• Instructions to follow:
Find the line containing "WOVJSCR172 COMB SALES-RECEIPTS JOURNAL" in the entries below. Restate it and each line after it, word for word, up to and including the line containing "PORSCHE PORSCHE 718CAYMAN S 2018".

• Raw data:

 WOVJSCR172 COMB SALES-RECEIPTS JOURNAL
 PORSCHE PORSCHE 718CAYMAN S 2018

---

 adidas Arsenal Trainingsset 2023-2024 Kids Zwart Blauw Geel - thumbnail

---

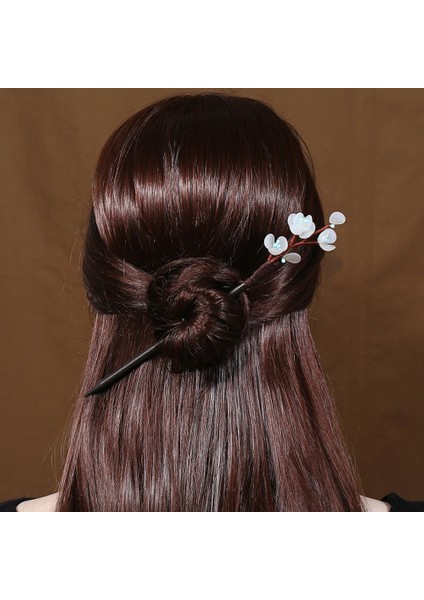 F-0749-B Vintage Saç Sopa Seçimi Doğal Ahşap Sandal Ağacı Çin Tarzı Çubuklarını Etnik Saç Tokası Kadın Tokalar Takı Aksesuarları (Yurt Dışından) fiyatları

• Worked solution:
 WOVJSCR172 COMB SALES-RECEIPTS JOURNAL
 PORSCHE PORSCHE 718CAYMAN S 2018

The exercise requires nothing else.